PART I
ORIGINAL RESEARCH TITLE
Hotel Intelligent System using Machine Learning and Cognitive Tool
Project Description
The aim of this project was to present a novel approach to daily hotel demand forecasting by forming clusters of stay dates from historical booking data. This method is distinct from the traditional forecasting techniques for hotels that assume the booking shapes and trends remain consistent in the trailing period. A machine learning algorithm is used to group past booking curves and the additive pickup model is implemented. The effectiveness of this new forecasting approach is evaluated using the real hotel booking data of three hotels, and the results reveal that hotel demand forecasts are more precise when they are generated on a cluster-level for all forecasting horizons.
PART II
ORIGINAL RESEARCH TITLE
Designing an AI-Driven Strategy Feedback Framework for Hotel Performance Optimization
Project Description
This research project aims to develop a structured roadmap for an AI-enabled strategy feedback system that enables hotels to better understand and respond to the underlying drivers of their performance. The project focuses on designing a conceptual and analytical framework capable of automatically generating actionable feedback from operational and commercial data, thereby supporting more timely, informed, and profit-oriented decision-making within a total revenue management perspective.
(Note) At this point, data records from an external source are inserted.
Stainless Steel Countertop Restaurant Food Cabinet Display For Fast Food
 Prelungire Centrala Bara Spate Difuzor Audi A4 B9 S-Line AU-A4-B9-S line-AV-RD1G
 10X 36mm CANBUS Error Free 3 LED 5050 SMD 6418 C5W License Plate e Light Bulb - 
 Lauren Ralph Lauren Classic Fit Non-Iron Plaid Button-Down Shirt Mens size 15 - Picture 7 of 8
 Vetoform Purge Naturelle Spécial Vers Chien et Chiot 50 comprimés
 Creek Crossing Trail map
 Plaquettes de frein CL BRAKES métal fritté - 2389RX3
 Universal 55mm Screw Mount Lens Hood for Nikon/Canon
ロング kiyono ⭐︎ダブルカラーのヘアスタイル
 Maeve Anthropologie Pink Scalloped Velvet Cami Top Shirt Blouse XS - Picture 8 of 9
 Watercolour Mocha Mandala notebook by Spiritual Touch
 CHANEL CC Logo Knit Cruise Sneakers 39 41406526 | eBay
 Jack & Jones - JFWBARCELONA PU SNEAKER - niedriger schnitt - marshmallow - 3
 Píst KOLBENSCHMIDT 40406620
The research will concentrate on three key areas. First, it will develop an assessment tool to evaluate data integration and system readiness, identifying the extent to which existing data infrastructures can support AI-driven feedback mechanisms. Second, it will identify and define a set of relevant performance indicators that capture both revenue and broader profit drivers across hotel operations. Third, it will establish the logic and structure through which diverse data inputs can be translated into meaningful and interpretable feedback signals that inform strategic and operational decisions.